Given that highestmodseq, lastuid and header_crc are IDENTICAL, we are safe in assuming that no changes need to be made to user.xyz. Even if by some rare clash there had been conflicting changes made at both ends and they had both caused identical CRCs right through the chain, they are very likely to cause a clash next change when the CRC calculations have to be redone, at which point a full sync will be done on that mailbox. Again, only occurs after a split brain.

So - user.foo.bar: we read the client cyrus.index and determine which records have a higher modseq than server->highestmodseq.

> RECORDS user.foo.bar <offset> <index record> 0 <offset> <index record> 0 [...]
< * user.foo.bar <uniqueid> <highestmodseq> <lastuid> <header_crc> <last_expire>
< OK RECORDS completed

At this point, highestmodseq, lastuid, header_crc and last_expire ALL MATCH. We have successfully updated user.foo.bar with bandwidth use proportional to the number of changed records, not the total number.

The '0' means "don't need to copy the message file from stage".

What's left? user.xyz.Trash. lastuid is lower, so there are appends, as well as potential flag changes.

> RESERVE <guid1> <guid2> [...]
< * RESERVE <guid1>
< OK RESERVE completed

guid1 was found on the server in one of the mailboxes mentioned during this sync run. guid2 wasn't found, hence no RESERVE record.

> UPLOAD <guid2> {size+}
> ...
< * RESERVE <guid2>
< OK UPLOAD completed

Now the server has copies of both messages staged.

> RECORDS user.foo.bar <offset> <index record> 1 <offset> <index record> 1 [...]
< * user.foo.bar <uniqueid> <highestmodseq> <lastuid> <header_crc> <last_expire>
< OK RECORDS completed

Just like "RECORDS", but with the added proviso that the server knows to copy the message files from the stage because we passed a '1'. (exact implementation details might change of course... the server could even determine this itself based on being past mailbox->num_records)

Note the response was a mailbox state statement, which again matches. Fantastic, we know that was everything. Of course, we would have issued RECORDS lines for any non-append record with a higher modseq as well if necessary.

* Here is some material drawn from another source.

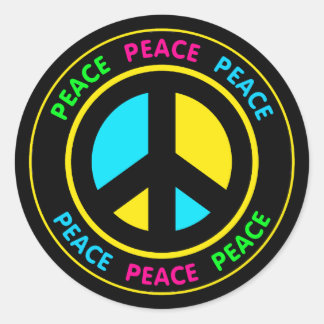PEACE SIGN CLASSIC ROUND STICKER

Note that I missed one. shared.notices. The last_expire timestamp didn't match. We read the client's last_expire and issue:

> EXPIRE shared.notices <at_timestamp> <expire_days> 
< * shared.notices <uniqueid> <highestmodseq> <lastuid> <header_crc> <last_expire>
< OK EXPIRE completed

If they now match, good. Otherwise, steps as above. In a pathological case, the last_expire on the server is NEWER. You need to run the expire on the client with that timestamp in this case to get them in sync. By passing "expire_days" we ensure both ends are using the same expire policy. The expire run should only ever happen on the master end with this setup, or should be run "at the same time"[tm] on both ends. The easiest way to do this is to run cyr_expire with a fixed time quantization, and have it run with the same base time at each end.

I think that's everything. Oh, I didn't explain changes in cyrus.header. Basically, you would have to fetch the userflags string from the server and compare to the client. If no clashing names, make them identical, otherwise you'd need to do a full mailbox sync to find out what the flags are on the server, and lock while you renumbered the server end. A big pain, but very rare. It's essential that the ordering of user flags be exactly the same at both ends for the checksumming to be efficient, otherwise you'd have to calculate an equivalent checksum at each end for the comparison to work. Possible, but much more expensive just to get a yes or no to the "do I need to sync" question.